Pivot Point (Pivot Point #1)(2)
I bent over and rummaged through my backpack, hoping he’d get the hint. He didn’t. I pulled out a yellow highlighter and set it on my desk. Still, he stayed. Finally, with a sigh, I looked up. “Bobby, please, just leave me alone.”
“I thought now that the dance was over, you’d talk to me, tell me why you went from friendly to cold the minute I asked you.”
“Nope.”
“Yeah, so leave,” Laila added.
He walked away, glancing back once. The look he gave me said he wasn’t ready to give up yet. I hoped my look said, You’re going to have to. I also kind of hoped it said, I hate your guts, but as long as it said one of the two, I was satisfied.
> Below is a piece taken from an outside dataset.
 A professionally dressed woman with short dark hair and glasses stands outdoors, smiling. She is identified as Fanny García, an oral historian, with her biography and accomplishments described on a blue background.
“Addie, you can’t punish someone based on a Search. He has no idea what he did wrong.”
“It’s not my fault that if I went to the dance with him, he was going to shove his tongue down my throat and his hand up my dress,” I whispered.
“I know, and I’m so glad you didn’t go with him. But he didn’t actually do that.”
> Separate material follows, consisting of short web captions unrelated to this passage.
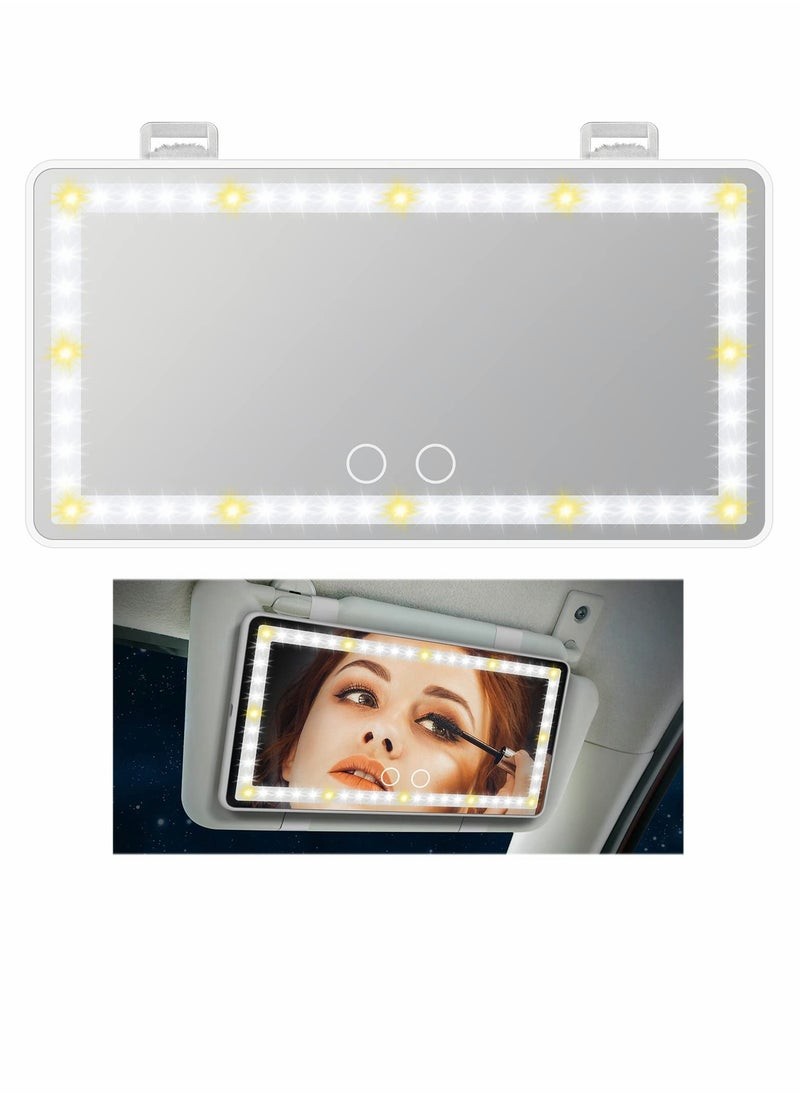 KASTWAVE Car Sun Visor Vanity Mirror, Rechargeable Makeup Mirrors with 3 Light Modes & 60 LED  - Image 1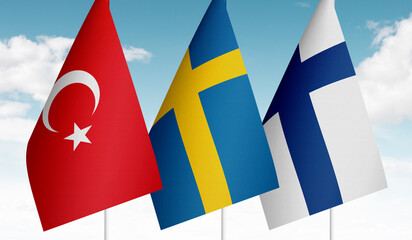  Flags of Turkey, Finland and Sweden. Desktop Flag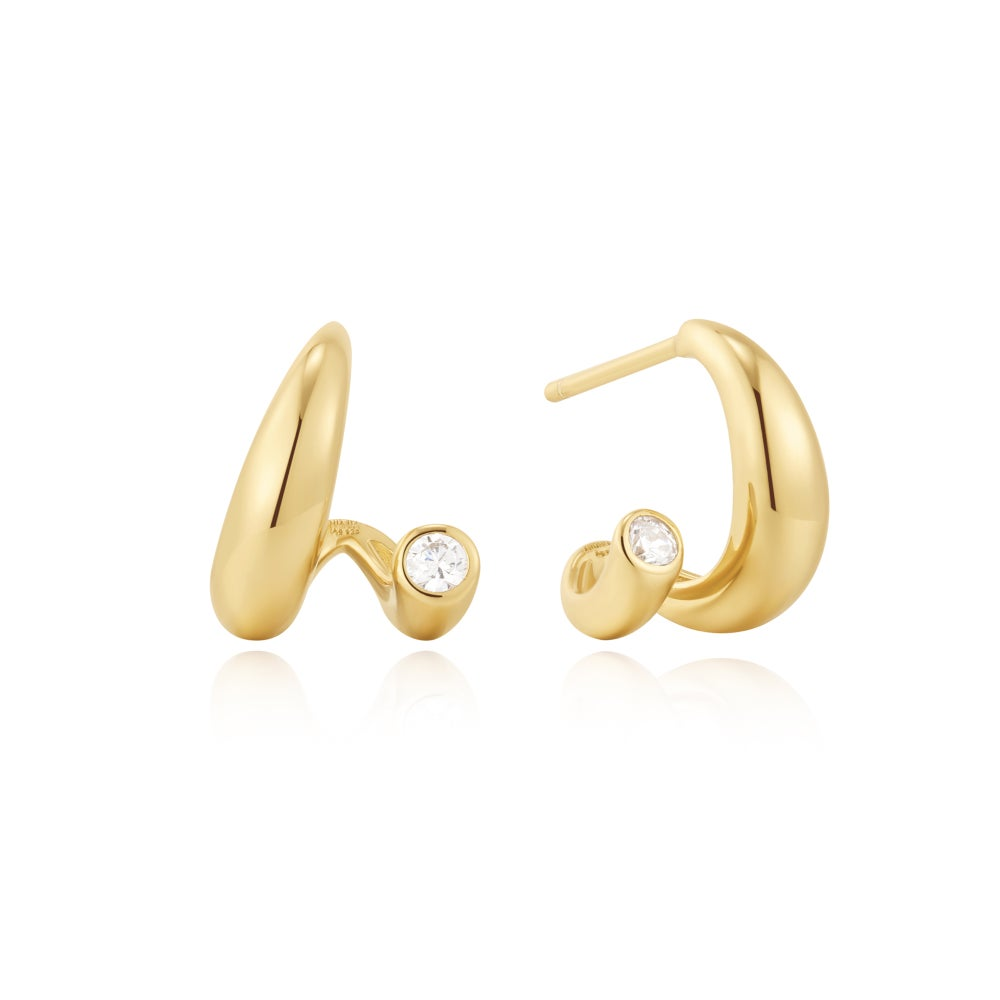 GOLD SPIRAL BEZEL-END STUD HOOP EARRINGS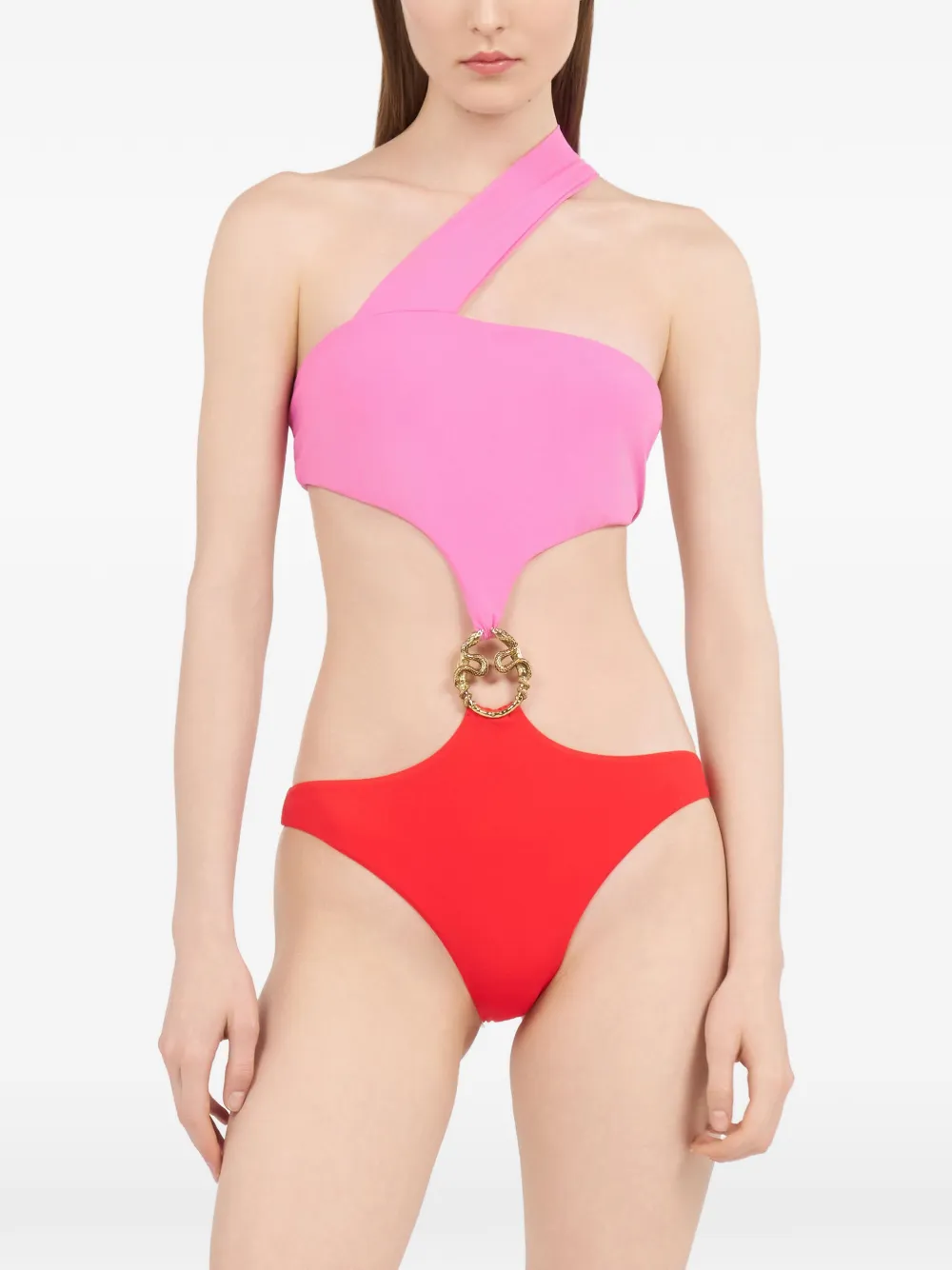 Roberto Cavalli Badpak met ringdetail Roze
“But he would’ve.” I nudged the highlighter. It rolled over the glass surface of my glowing keyboard and inched toward the edge of my desk before rolling back to safety. “That’s who he is, and I can’t look at him without seeing that Search.”
“Do you want me to Erase it?”
“Have I asked you to Erase something before?” Every time she offered to Erase a memory, I asked her that question.
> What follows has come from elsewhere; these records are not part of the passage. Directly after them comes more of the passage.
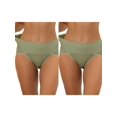 thumbnail image 1 of NOMADIC NOOK Women's Hi-Cut Ribbed High Waist Tummy Control Underwear 2 Packs XL Pea Green1, 1 of 4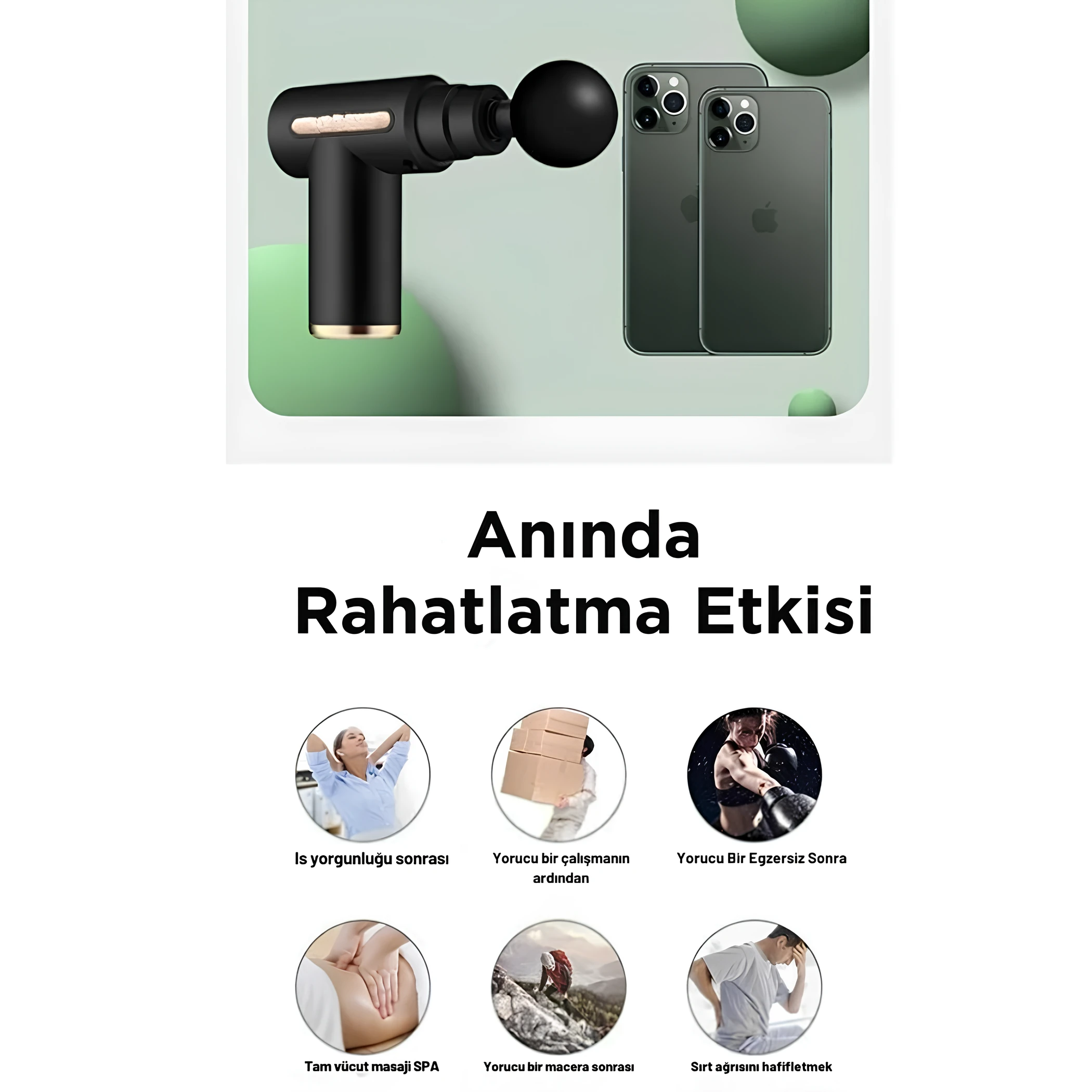 Darbeli Titreşimli Şarjlı Sporcu Masaj Tabancası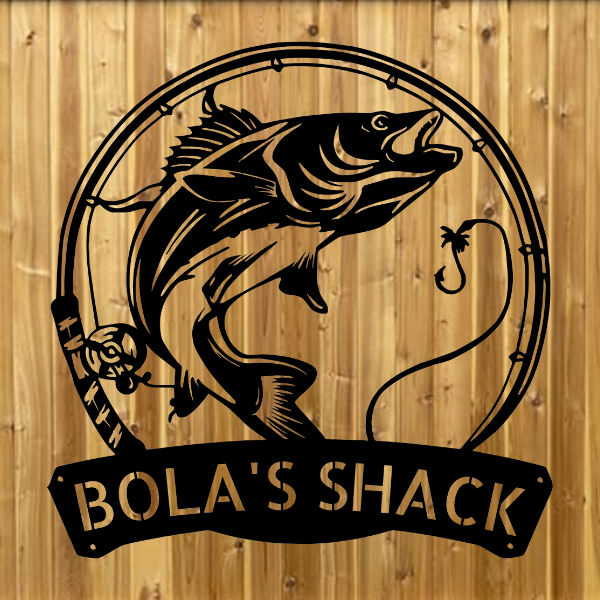 Walleye Chasing Hook With Name image 1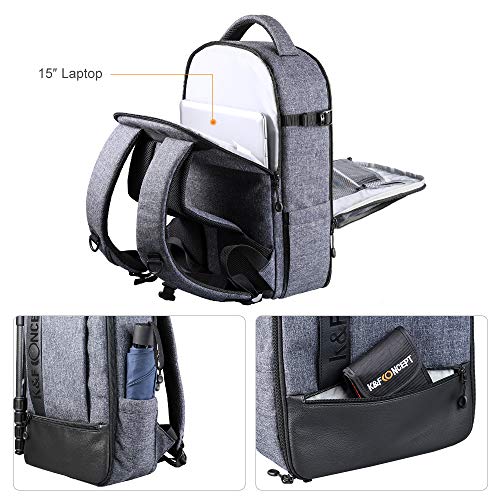 K&F Concept 15.7 Inch Backpack Professional Photography Backpack City Commute Backpack With Tripod Laptop Camera Bags Rain Cover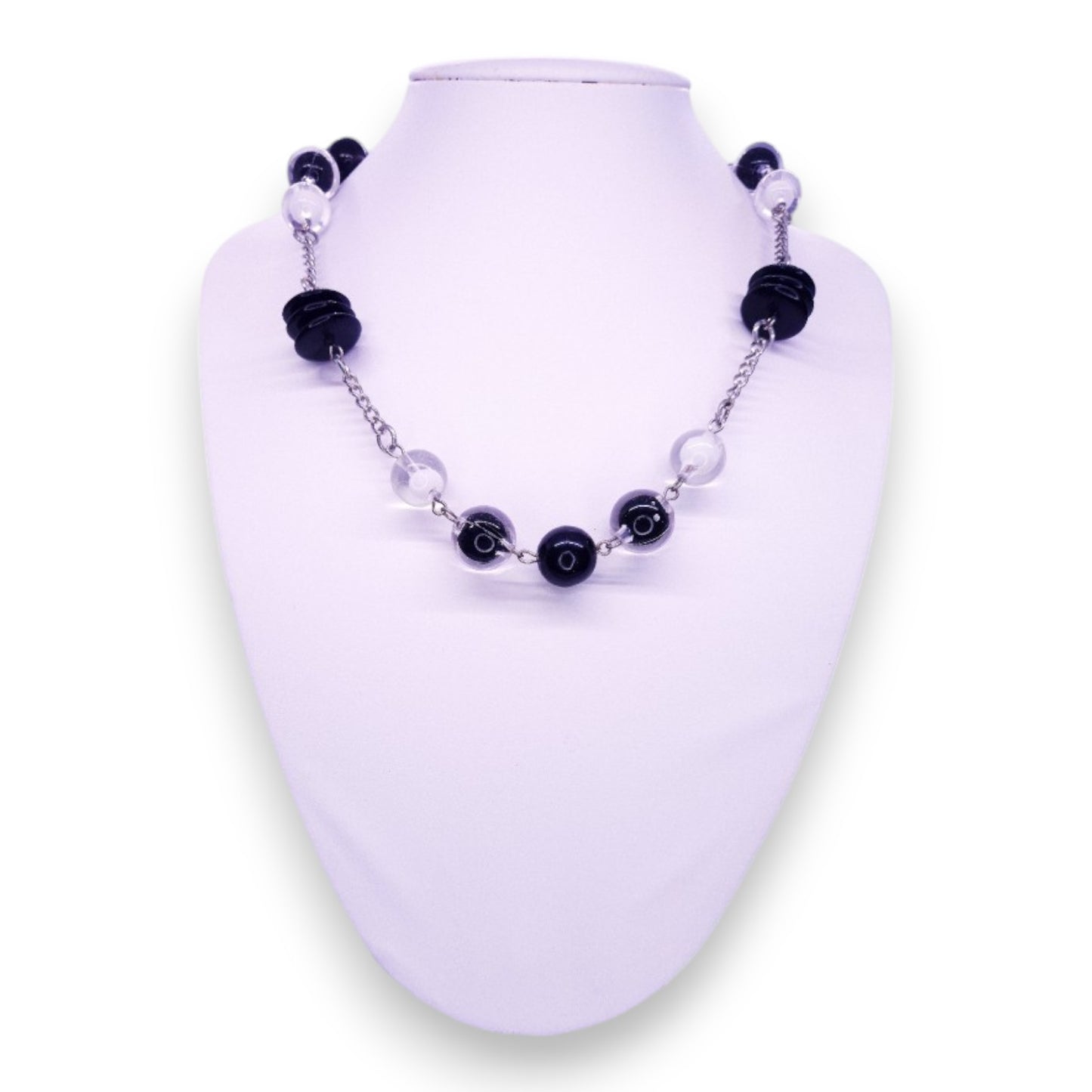 Silver Tone with Plastic Beads Classic Necklace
And every time she always answered, “If you did, I wouldn’t tell you.”
I made a face at her. “You’re a brat.”
She began painting her nails with a black Sharpie. “So, do you?”
“No. Because then I’ll forget what he’s capable of and his puppy-dog eyes might convince me to go out with him.” I shuddered. I couldn’t imagine ever thinking that his greasy brown hair and holey jeans meant he was misunderstood. But without the memories, I was sure, once again, I’d believe a good shampoo would wash the appearance of creep out of him.
“That’s true.”
“Hey, can you give me a ride home today?” I asked, ready to move past the Bobby subject.
“Sure, your car didn’t start again this morning?”
I scrolled through the diagrams on my monitor until I found our current assignment. “No, fog.”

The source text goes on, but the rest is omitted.